Records for this task:

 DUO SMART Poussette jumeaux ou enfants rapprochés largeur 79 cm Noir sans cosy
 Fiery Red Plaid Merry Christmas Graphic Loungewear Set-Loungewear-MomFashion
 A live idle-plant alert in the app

* * *

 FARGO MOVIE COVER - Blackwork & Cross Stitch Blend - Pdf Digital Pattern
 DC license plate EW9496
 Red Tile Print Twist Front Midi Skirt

...

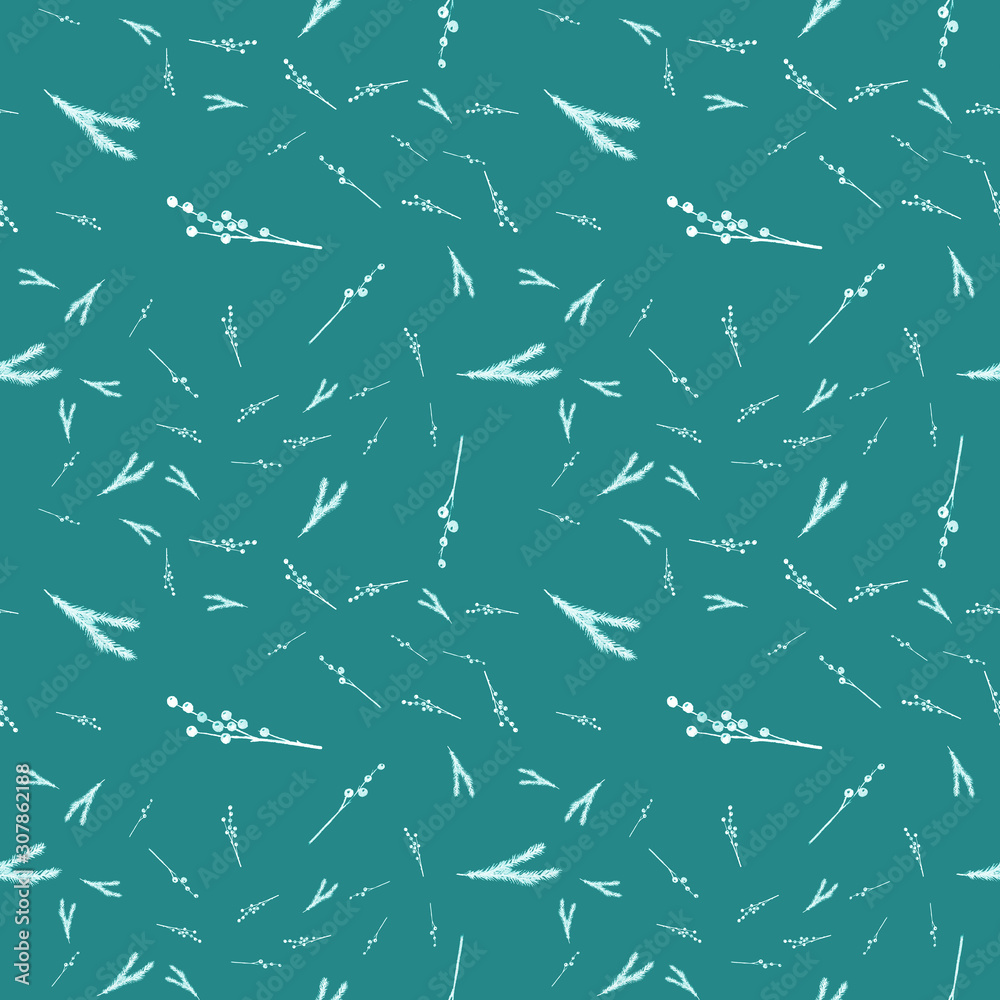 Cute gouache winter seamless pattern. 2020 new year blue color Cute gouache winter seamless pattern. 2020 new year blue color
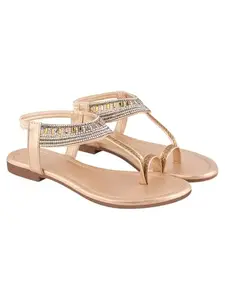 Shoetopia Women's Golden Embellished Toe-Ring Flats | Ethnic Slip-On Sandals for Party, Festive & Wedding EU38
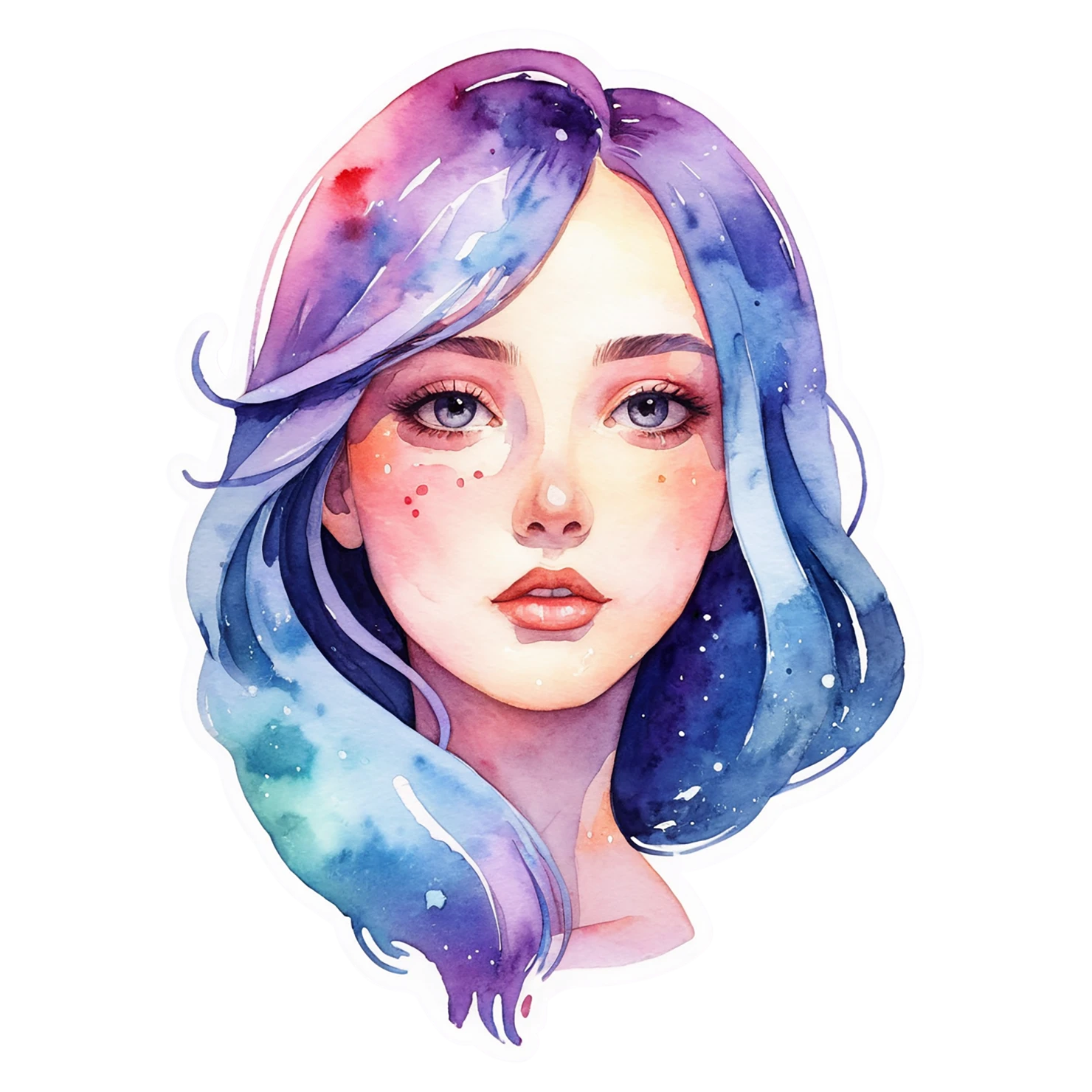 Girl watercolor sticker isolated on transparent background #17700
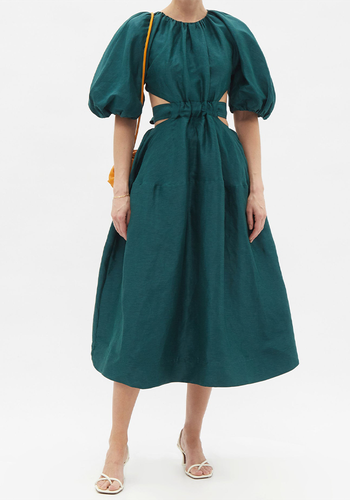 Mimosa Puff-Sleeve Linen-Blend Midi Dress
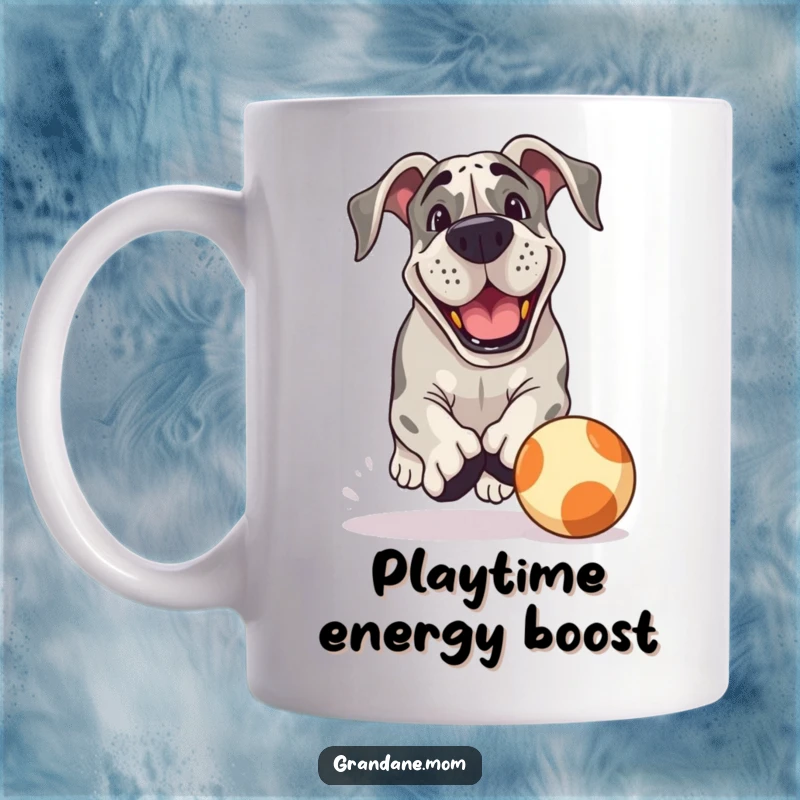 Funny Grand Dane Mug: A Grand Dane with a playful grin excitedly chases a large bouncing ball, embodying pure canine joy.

Activity: Repeat exactly the stretch of the listing above that starts with the line holding "blue color Cute" and finishes with the line holding "Funny Grand Dane", both included. Skip every picture.

Written solution:
 Cute gouache winter seamless pattern. 2020 new year blue color Cute gouache winter seamless pattern. 2020 new year blue color
 Shoetopia Women's Golden Embellished Toe-Ring Flats | Ethnic Slip-On Sandals for Party, Festive & Wedding EU38
 Girl watercolor sticker isolated on transparent background #17700
 Mimosa Puff-Sleeve Linen-Blend Midi Dress
 Funny Grand Dane Mug: A Grand Dane with a playful grin excitedly chases a large bouncing ball, embodying pure canine joy.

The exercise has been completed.